A leurs yeux, "les tenues de sport, les postures et le mouvement" du corps sont synonymes d'"irrespect" et d'"impudeur", soulignait cette étude.
Et malgré les efforts de promotion de la condition des femmes, les mentalités évoluent lentement au Maroc: 72% des hommes et 78% des femmes pensent qu'"une femme habillée de façon provocante mérite d'être harcelée", selon une étude publiée en 2017 par l'ONU.
En matière de surf pourtant, selon Jalal Medkouri, "les parents encouragent leurs enfants quand ils sentent qu'ils sont entre de bonnes mains".

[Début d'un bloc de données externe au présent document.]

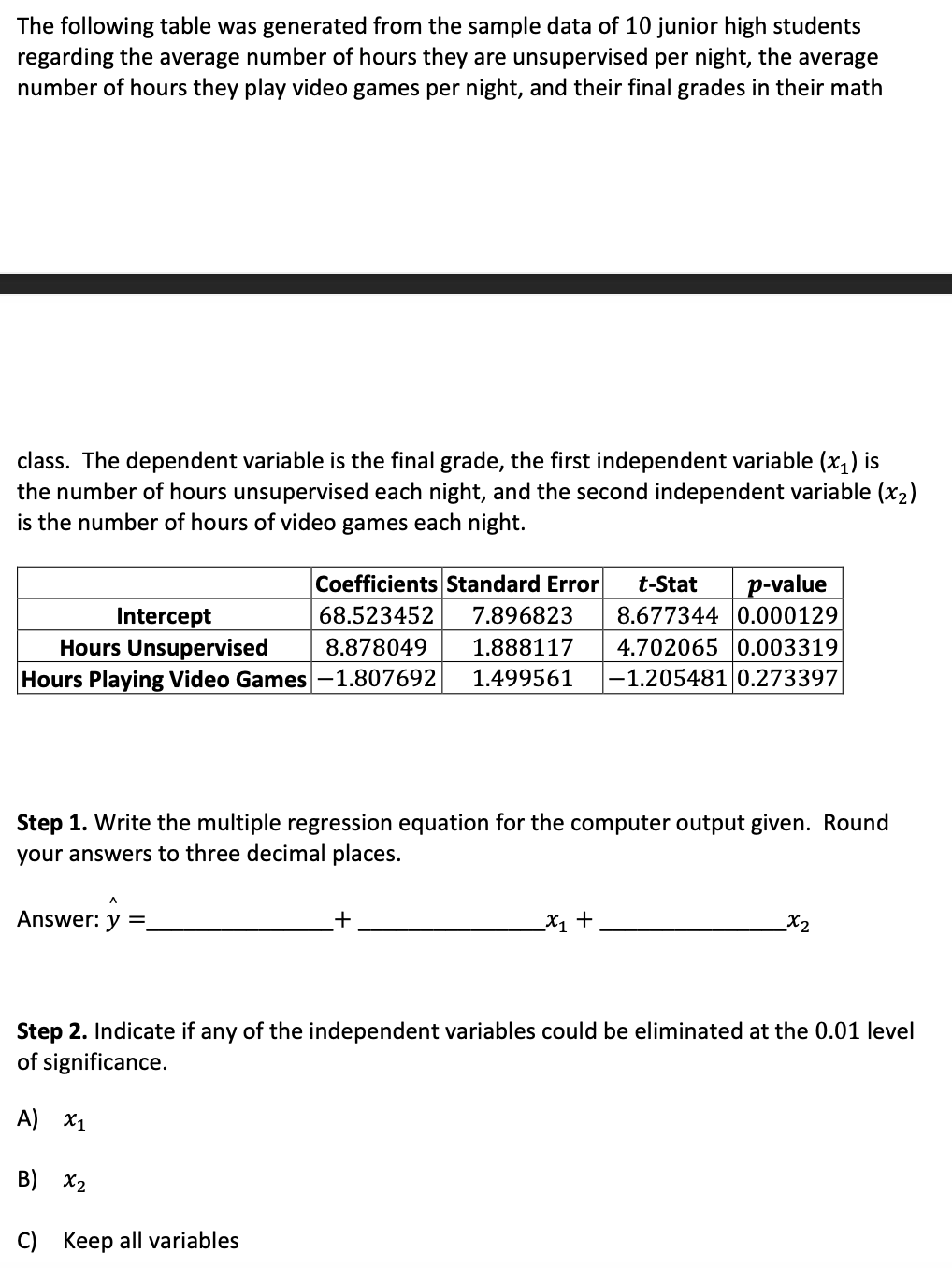 Solved The following table was generated from the sample | Chegg.com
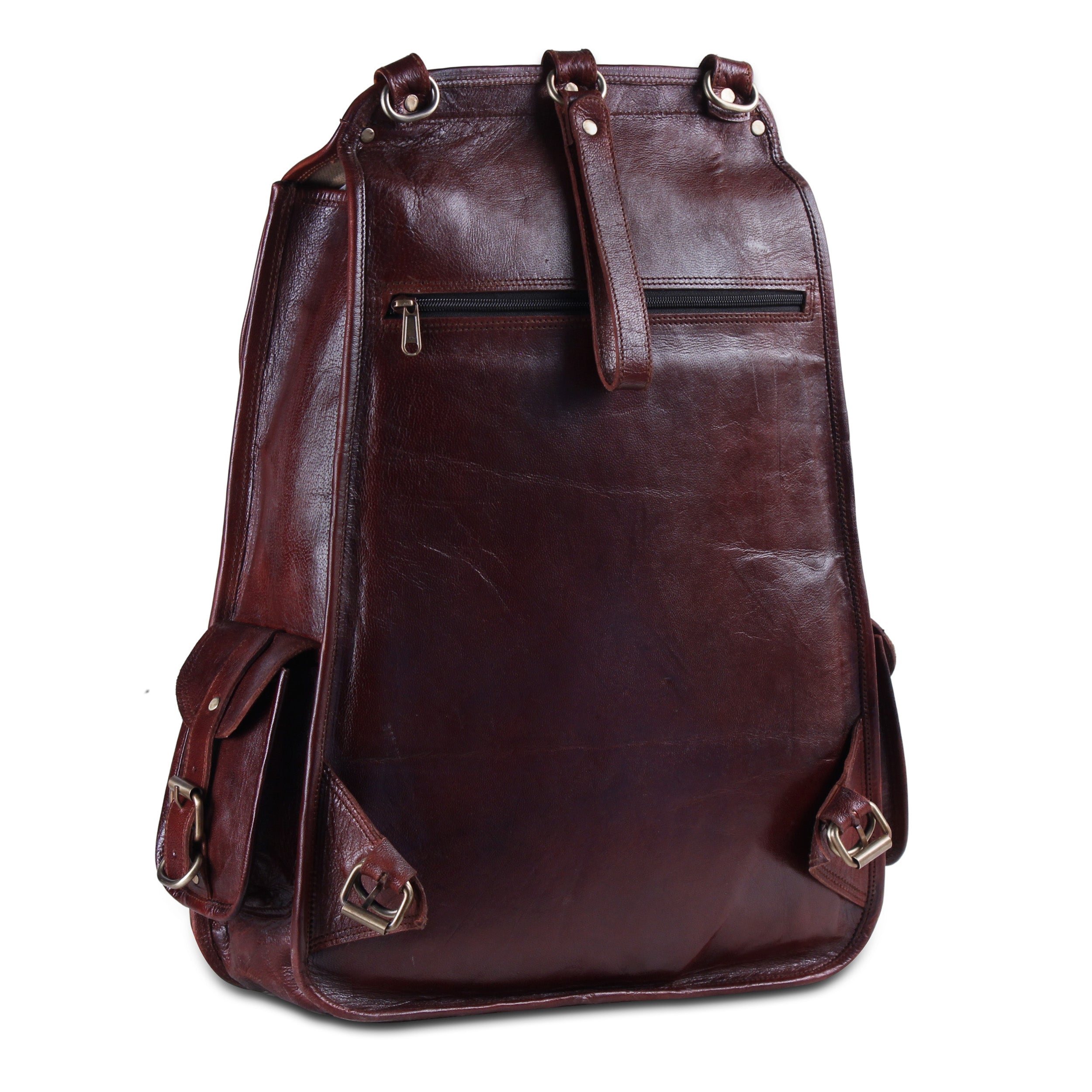 back view of the leather laptop backpack without adjustable strap 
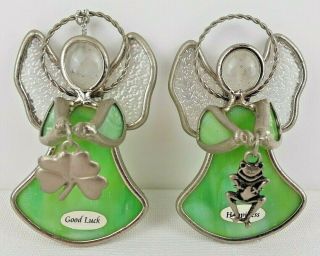 Set Of 2 Ganz Stained Glass Sun Catcher Angel Ornaments: Good Luck & Happiness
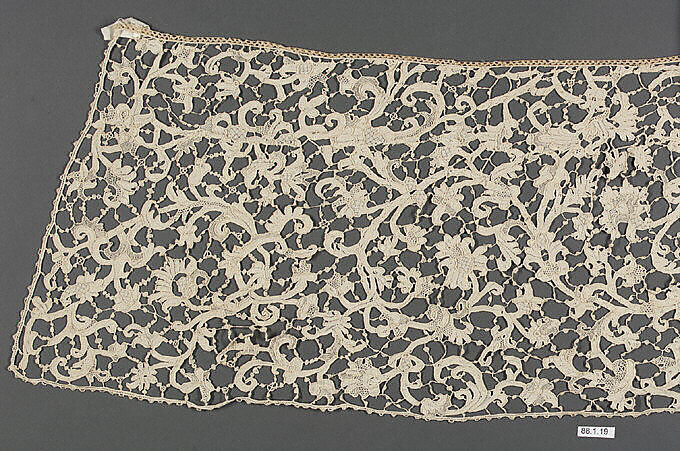 Fragment, Needle lace, Italian, Venice 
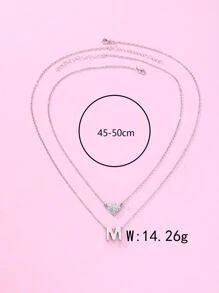 Collar con incrustaciones de diamantes de imitación de plástico transparente con forma de corazón y letra de aleación de zinc de 2 piezas para niñas, ideal para el regalo del día de la madre de su hija - Plateado - Ver 5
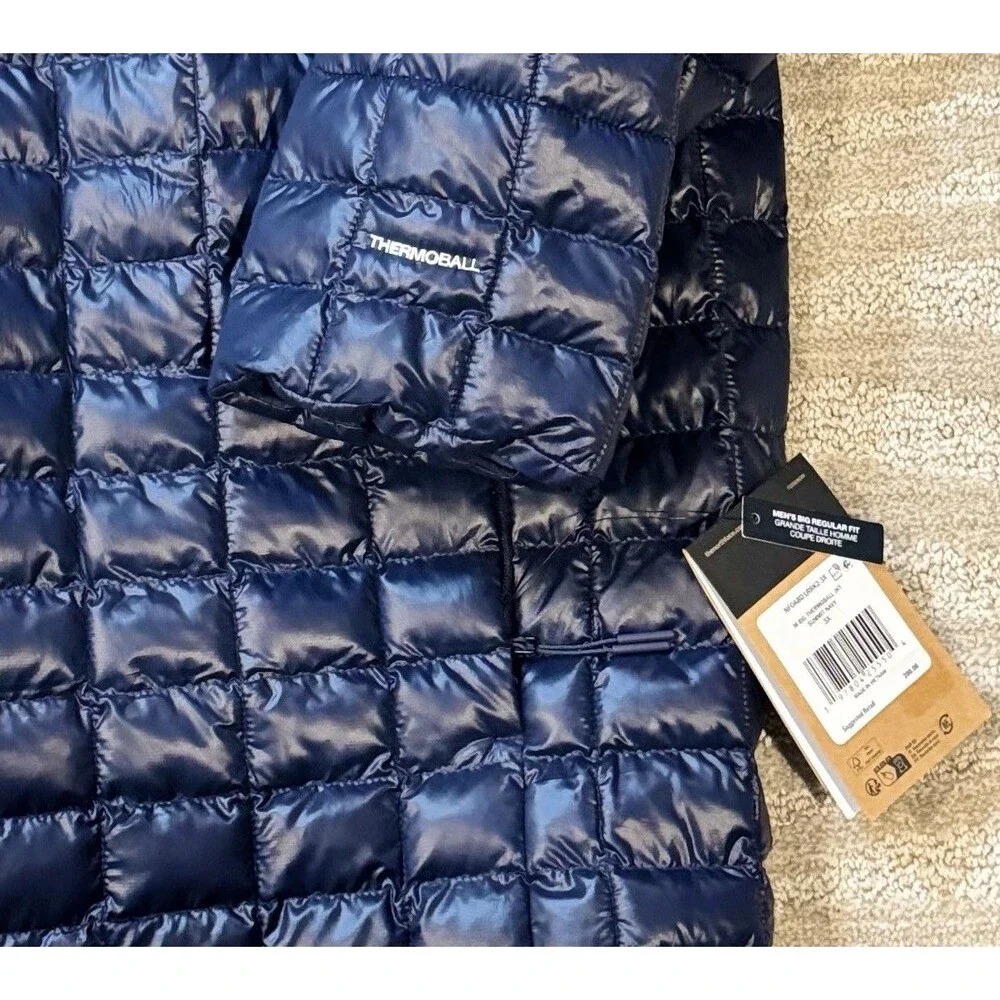 THE NORTH FACE Men’s Big & Tall ThermoBall Jacket, Navy . Sizes 3X , 4X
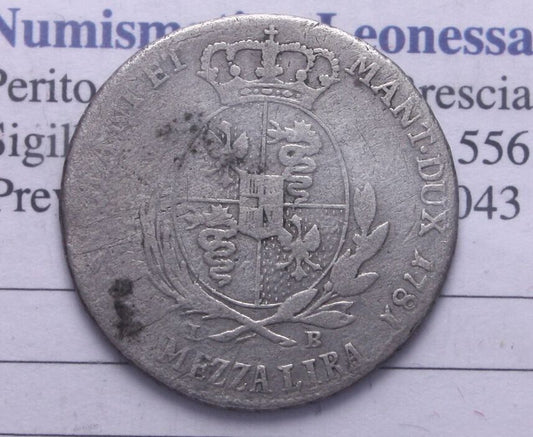 NL* MILANO GIUSEPPE II 1/2 MEZZA LIRA Argento 1781 RARISSIMA RRR *R3* introvabil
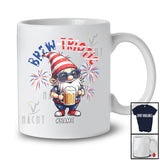 Personalized Brew-triotic; Cheerful 4th Of July Gnome Drinking Beer; Custom Name Patriotic T-Shirt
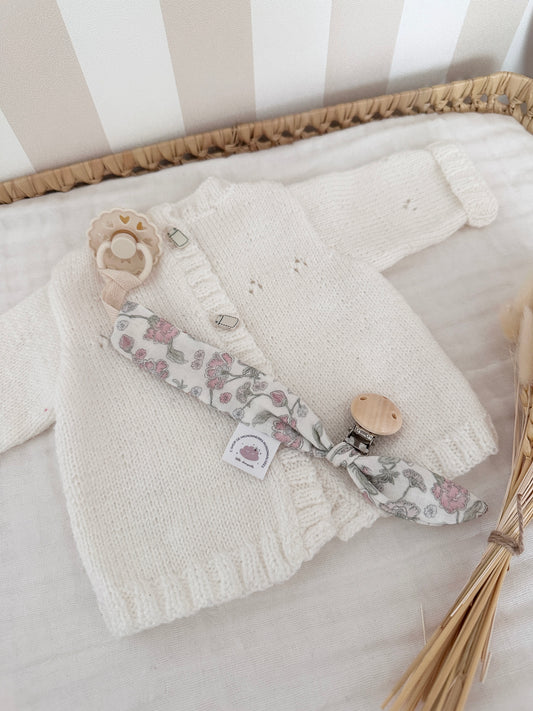 Attache tétine personnalisé - Fleurs roses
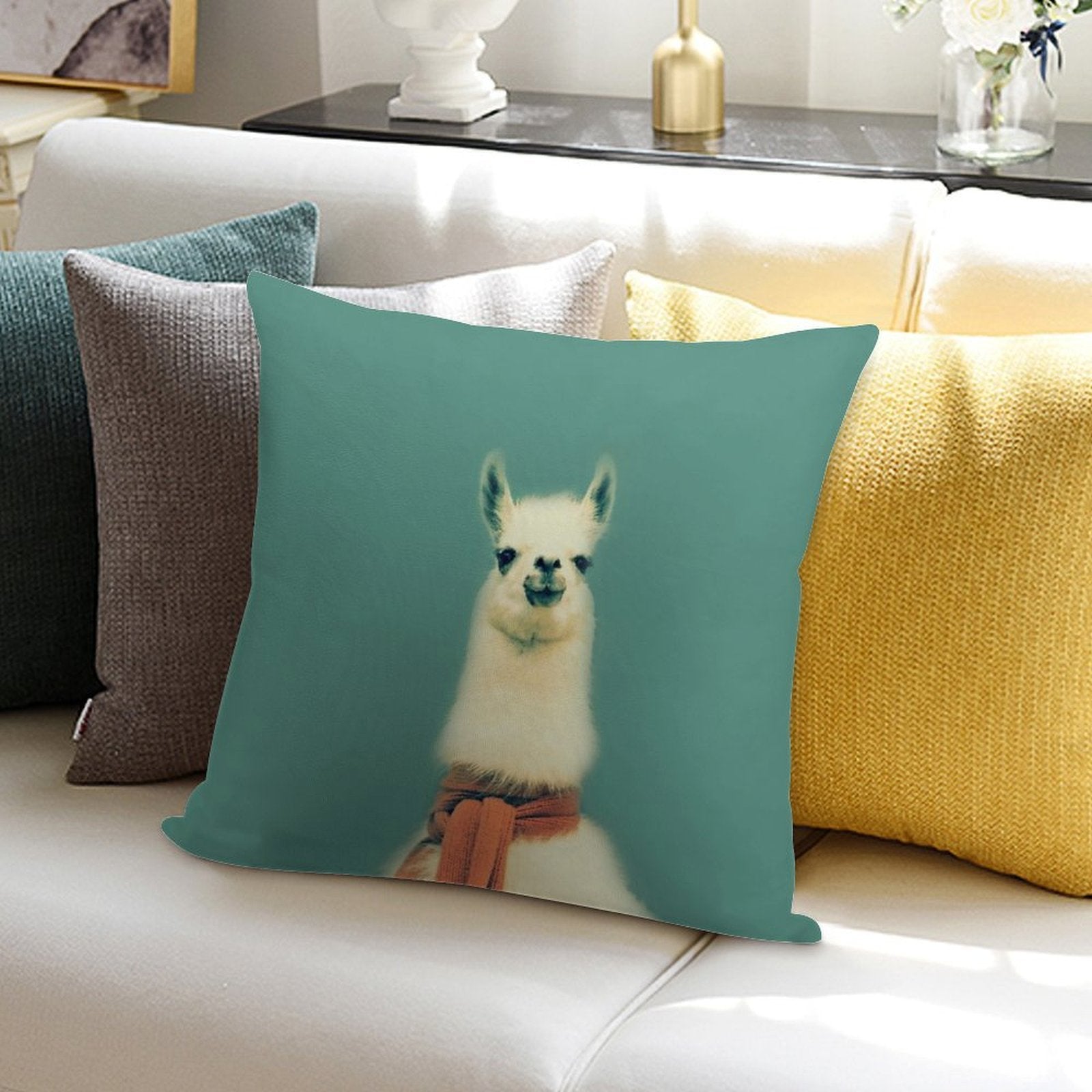 Llama Soft Style Accent Throw Pillow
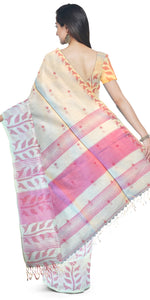 Cream Handspun Cotton Saree with Attractive Border-Handspun Cotton-parinitasarees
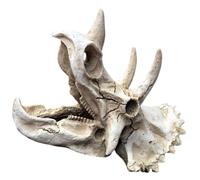 GARVALON Résine Décoration Aquarium Crâne de Dinosaure Cachette Naturelle pour Poissons Crevettes Reptile Habitat Sécurisé Modèle Squelette Triceratops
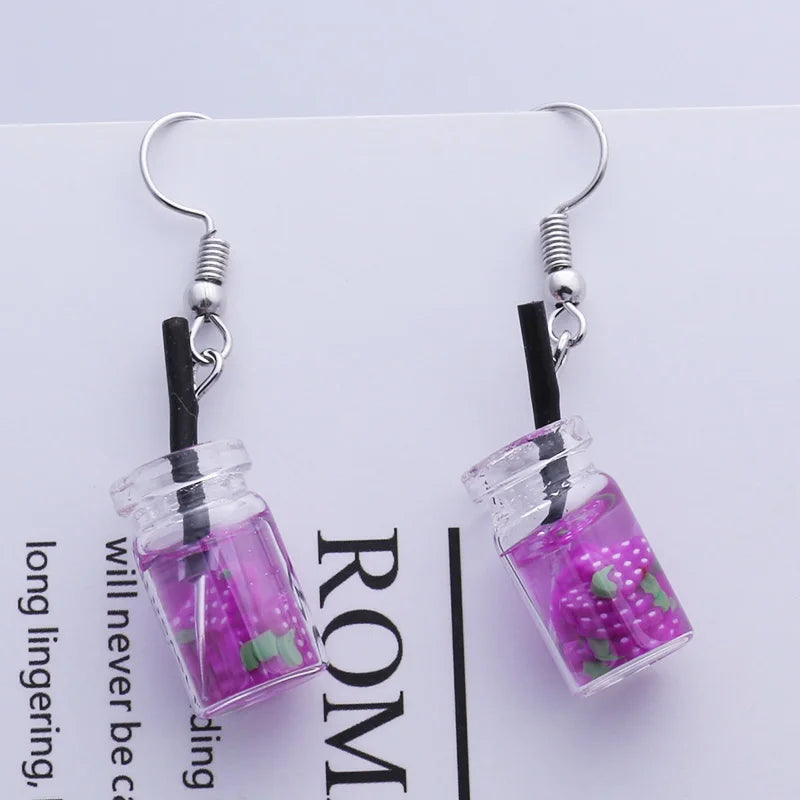 Cute Acrylic Pendants Hook Earrings Sequins Beer Bottle Women Dangle Earrings Korean Fashion Bear Small Earrings pendientes
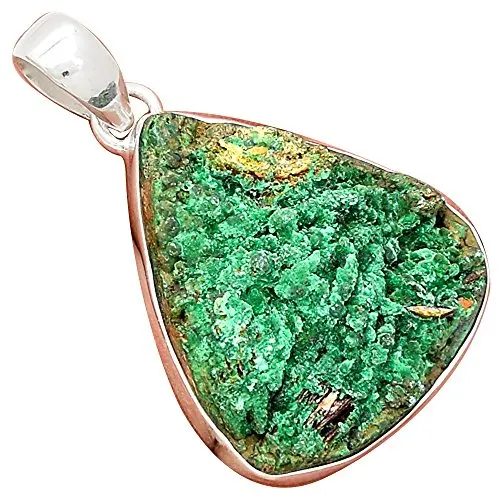 

Lovegem Genuine AUZURITE DRUZY Pendant 925 Sterling Silver, 40.3mm, AP3974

"Au début, mon père m'accompagnait chaque fois que je voulais surfer", confie Rim Bechar, une Marocaine de 28 ans, membre du Rabat Surf Club. Elle vient désormais "seule, reste toute la journée et rentre sans souci" chez elle.
"Les gens se sont habitués à voir les jeunes filles dans l'eau, ce n'est plus un problème. Mais quand j'ai commencé il y a quatre ans, c'était un peu plus difficile", explique Rim.
Le surf est entré dans le paysage marocain dès les années 1960. Selon l'histoire locale, il aurait vu le jour à Mehdia, une station balnéaire populaire située à une trentaine de kilomètres au nord de Rabat, quand des militaires d'une base franco-américaine ont introduit les premières planches dans le pays.
Une poignée de passionnés, Français et Marocains, ont lancé le mouvement. Les amateurs de vagues sont progressivement descendus vers le sud du pays, à la recherche de beaux spots comme Safi ou Taghazout, qui sont ensuite devenus des rendez-vous prisés par des surfeurs du monde entier.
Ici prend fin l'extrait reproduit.